MATERIAL FOR THE TASK: Begin
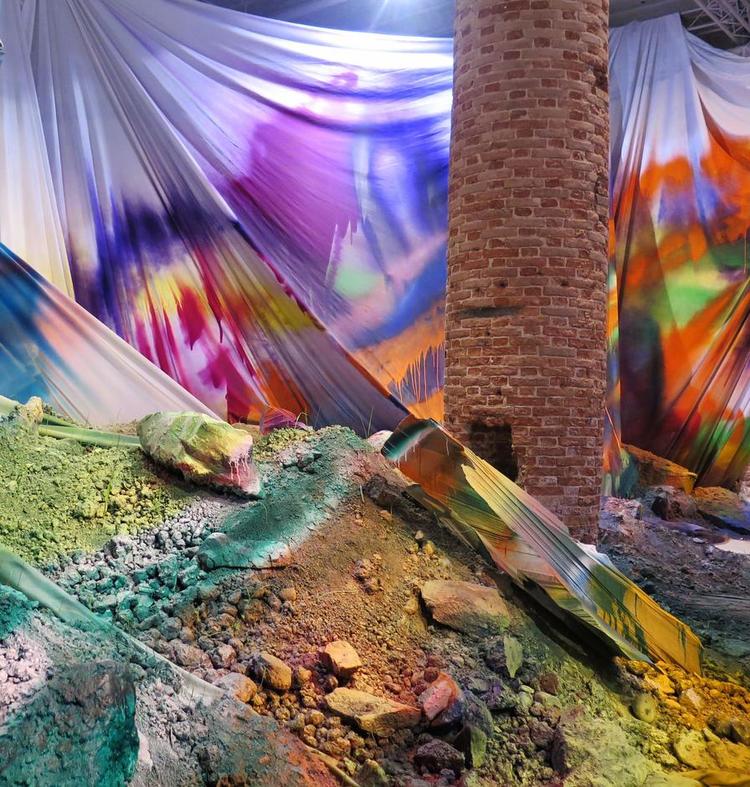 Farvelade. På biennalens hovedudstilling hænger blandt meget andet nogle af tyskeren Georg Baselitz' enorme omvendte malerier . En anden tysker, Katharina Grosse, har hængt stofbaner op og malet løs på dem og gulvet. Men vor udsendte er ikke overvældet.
MATERIAL FOR THE TASK: End
MATERIAL FOR THE TASK: Begin
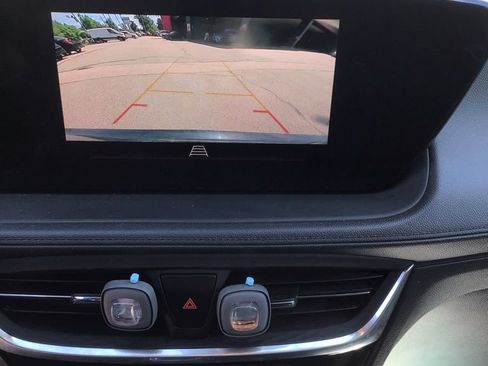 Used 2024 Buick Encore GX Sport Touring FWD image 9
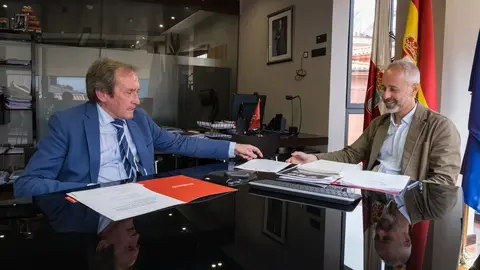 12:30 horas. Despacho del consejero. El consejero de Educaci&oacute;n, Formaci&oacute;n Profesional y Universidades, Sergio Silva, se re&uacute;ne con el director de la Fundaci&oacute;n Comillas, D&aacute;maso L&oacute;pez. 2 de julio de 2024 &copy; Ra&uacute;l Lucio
MATERIAL FOR THE TASK: End
MATERIAL FOR THE TASK: Begin
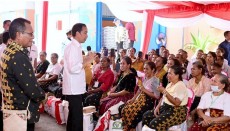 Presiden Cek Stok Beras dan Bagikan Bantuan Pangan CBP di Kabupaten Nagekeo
MATERIAL FOR THE TASK: End
- [THE TASK] The answer must be the lines above from the one containing "Used 2024 Buick" through the one containing "12:30 horas. Despacho", reproduced exactly, with no pictures and nothing else.

- [ANSWER FOR THE TASK]
 Used 2024 Buick Encore GX Sport Touring FWD image 9
 12:30 horas. Despacho del consejero. El consejero de Educaci&oacute;n, Formaci&oacute;n Profesional y Universidades, Sergio Silva, se re&uacute;ne con el director de la Fundaci&oacute;n Comillas, D&aacute;maso L&oacute;pez. 2 de julio de 2024 &copy; Ra&uacute;l Lucio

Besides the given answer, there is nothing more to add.